THEOREM $\ $ Let $\rm\:Q\:$ be a field with $2 \ne 0\:,\:$ and $\rm\ L = Q(S)\ $ be an extension of $\rm\:Q\:$ generated by $\rm\: n\:$ square roots $\rm\ S = \{ \sqrt{a}, \sqrt{b},\ldots \}$ of elts $\rm\ a,\:b,\:\ldots \in Q\:.\:$ If every nonempty subset of $\rm\:S\:$ has product not in $\rm\:Q\:$ then each successive adjunction $\rm\ Q(\sqrt{a}),\ Q(\sqrt{a},\:\sqrt{b}),\:\ldots$ doubles the degree over $\rm\:Q\:,\:$ so, in total, $\rm\: [L:Q] \ =\ 2^n.\:$ Hence the $\rm2^n$ subproducts of the product of $\rm\:S\:$ comprise a basis of $\rm L$ over $\rm\:Q\:.$
Nothing wrong with the other answers. I just want to try my hand at this. I will prove by induction on the number of primes $n$ that
- For $K_n=\Bbb{Q}(\sqrt{p_1},\sqrt{p_2},\ldots,\sqrt{p_n})$ we have $[K_n:\Bbb{Q}]=2^n$ AND
- The extension $K/\Bbb{Q}$ is Galois with Galois group isomorphic to the $n$-fold Cartesian product $(C_2)^n$ generated by the automorphisms $\tau_i, i=1,2,\ldots,n,$ such that $\tau_i(\sqrt{p_j})=(-1)^{\delta_{ij}}\sqrt{p_j}$.

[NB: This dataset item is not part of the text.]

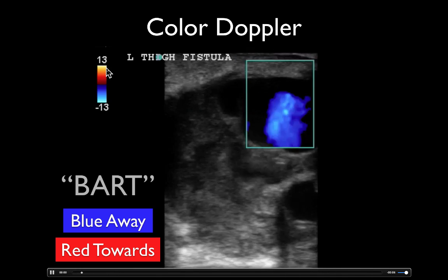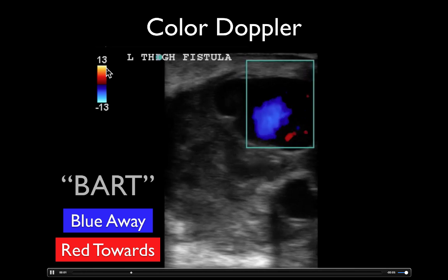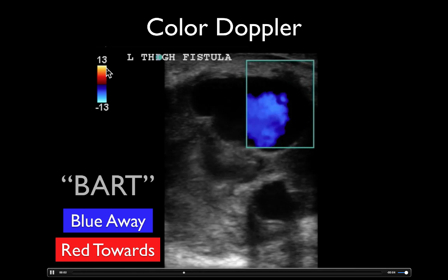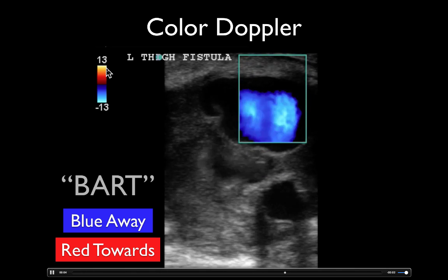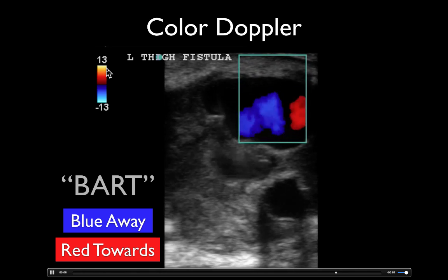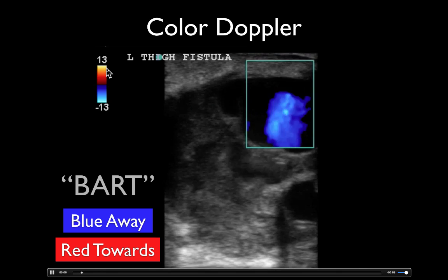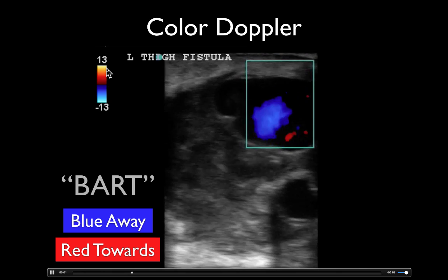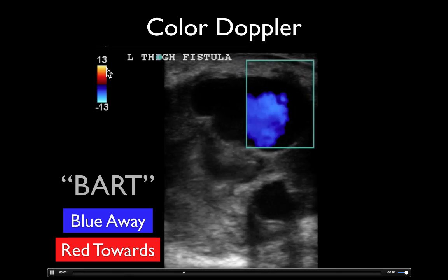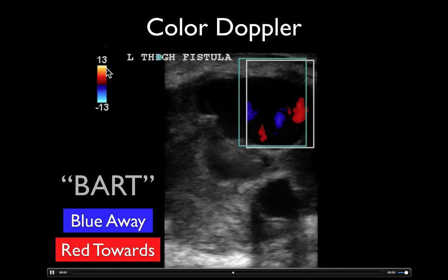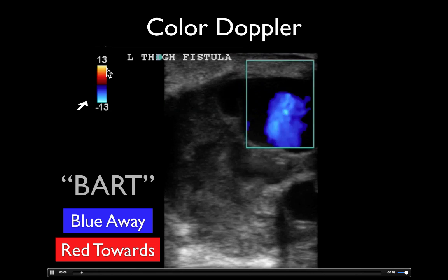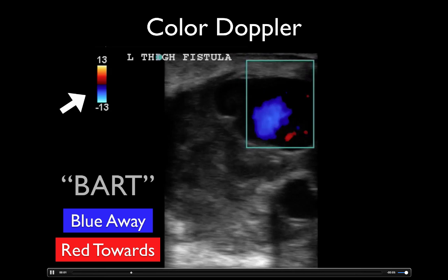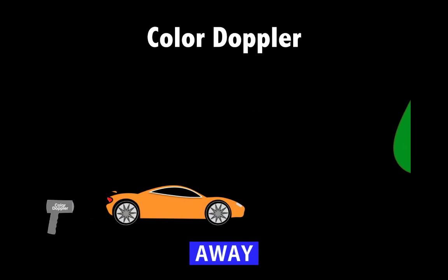This is a little confusing here — we see both blue and red, and that's because this is a pseudoaneurysm. Essentially, that blood is cycling around and around within this structure.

The base case $n=1$ is easy. Skipping that. Assume that the claim holds when we have $k$ primes.
Claim 1. $\sqrt{p_{k+1}}\notin K_k$.
Proof. Assume contrariwise that $\sqrt{p_{k+1}}\in K_k$. We know that $\Bbb{Q}(\sqrt{p_{k+1}})$ is a quadratic extension of $\Bbb{Q}$. By Galois theory the quadratic subfields of $K_k$ are exactly the fixed fields of index two subgroups of $\operatorname{Gal}(K_k/\Bbb{Q})$. By part two of the induction hypothesis, this Galois group is isomorphic to the additive group of a $k$-dimensional vector space $V$ over $\Bbb{F}_2$. The non-degenerate bilinear form, $B:V\times V\to\Bbb{F}_2, B\big((x_1,x_2,\ldots,x_k),(y_1,y_2,\ldots,y_k)\big)=\sum_{i=1}^kx_iy_i$, shows that the maximal subgroups are exactly the duals of the minimal subgroups of $V$. There are $2^k-1$ of those, namely the ones containing a single non-zero vector of $V$. Therefore $K_k$ has exactly $2^k-1$ quadratic subfields. But if $S$ is the product of any non-empty subset of $\{p_1,p_2,\ldots,p_k\}$, then $\Bbb{Q}(\sqrt{S})$ is a quadratic subfield of $K_k$. Such quadratic fields are easily seen to be distinct (only need the analogue of the argument showing $\sqrt2\notin\Bbb{Q}(\sqrt3)$ for this). Similarly we see that $\sqrt{p_{k+1}}$ is not in any of those quadratic subfields. The claim follows.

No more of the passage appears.